- What the exercise asks -
Take the lines below beginning at the line that has "Porte rouge ouverte" and stopping after the line that has "Walnuts on Rustic", and print them exactly as they are, with no other lines.

- Input -
--- START ---

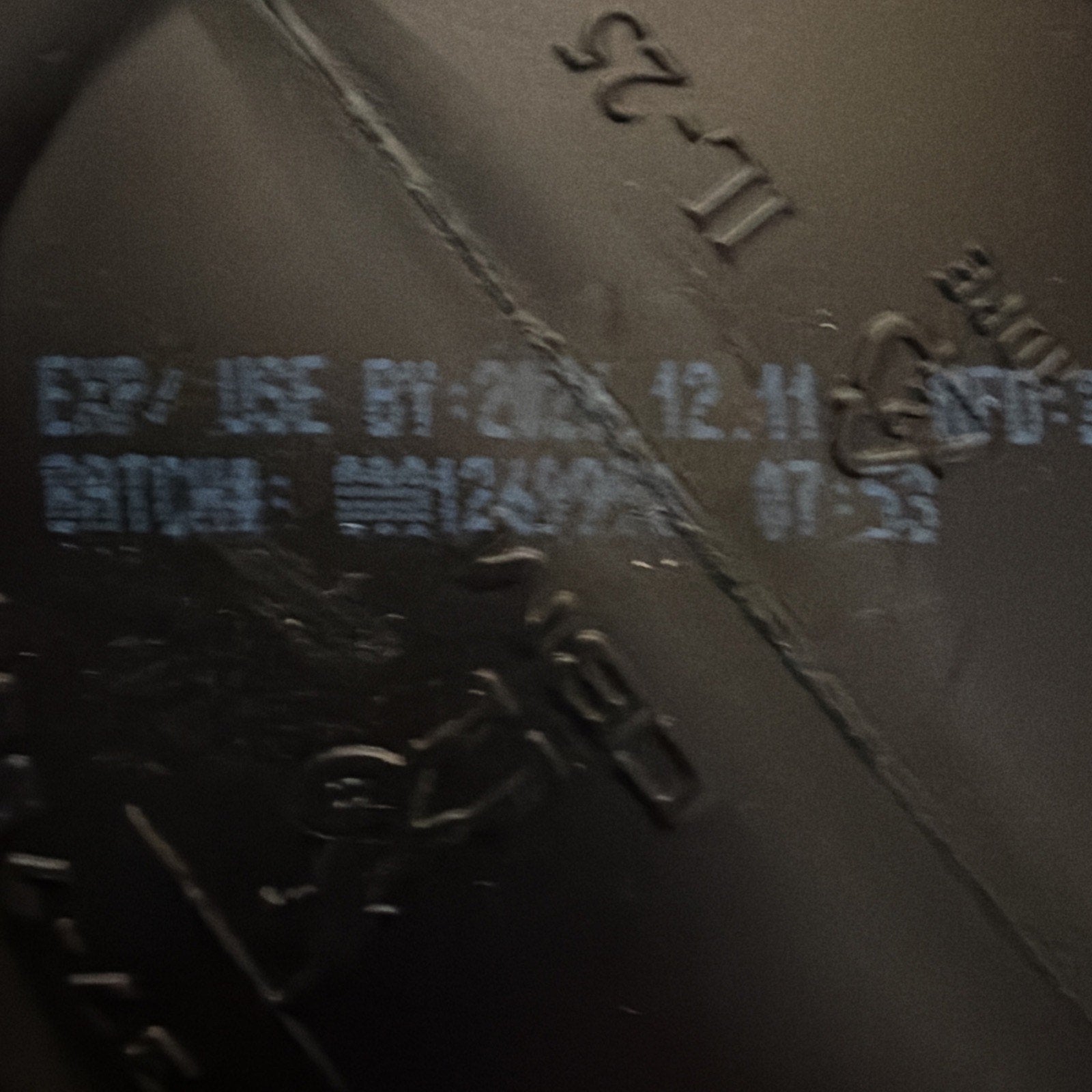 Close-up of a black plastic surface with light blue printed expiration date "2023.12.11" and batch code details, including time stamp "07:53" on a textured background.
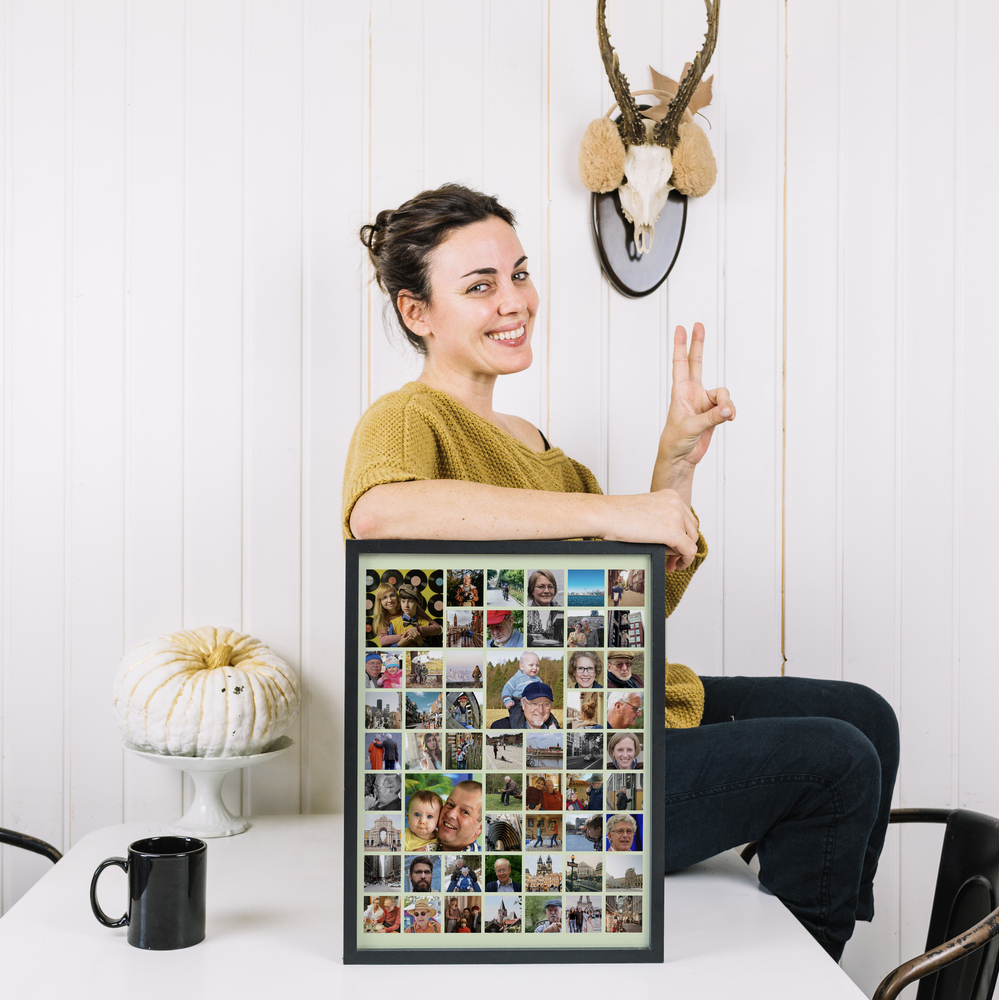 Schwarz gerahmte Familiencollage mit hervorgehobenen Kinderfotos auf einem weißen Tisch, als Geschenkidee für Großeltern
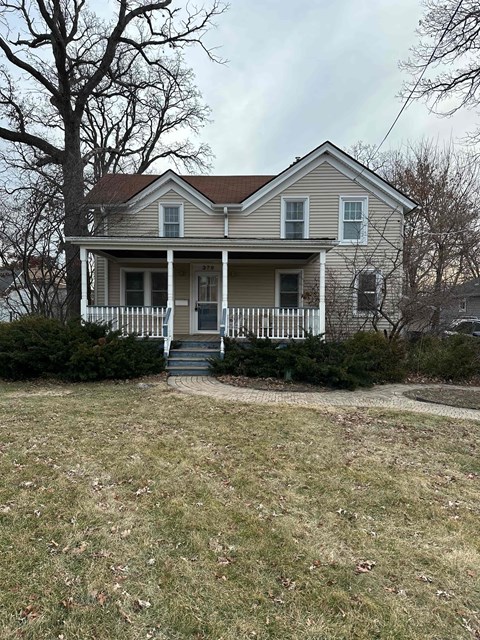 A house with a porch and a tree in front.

--- END ---
--- START ---

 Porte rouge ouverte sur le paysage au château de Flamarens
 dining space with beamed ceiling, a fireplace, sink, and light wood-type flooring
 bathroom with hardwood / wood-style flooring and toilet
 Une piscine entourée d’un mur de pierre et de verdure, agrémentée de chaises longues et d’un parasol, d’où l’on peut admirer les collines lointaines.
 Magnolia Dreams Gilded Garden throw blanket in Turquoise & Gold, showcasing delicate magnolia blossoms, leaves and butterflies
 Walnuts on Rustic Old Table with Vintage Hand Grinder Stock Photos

--- END ---

- Final answer -
 Porte rouge ouverte sur le paysage au château de Flamarens
 dining space with beamed ceiling, a fireplace, sink, and light wood-type flooring
 bathroom with hardwood / wood-style flooring and toilet
 Une piscine entourée d’un mur de pierre et de verdure, agrémentée de chaises longues et d’un parasol, d’où l’on peut admirer les collines lointaines.
 Magnolia Dreams Gilded Garden throw blanket in Turquoise & Gold, showcasing delicate magnolia blossoms, leaves and butterflies
 Walnuts on Rustic Old Table with Vintage Hand Grinder Stock Photos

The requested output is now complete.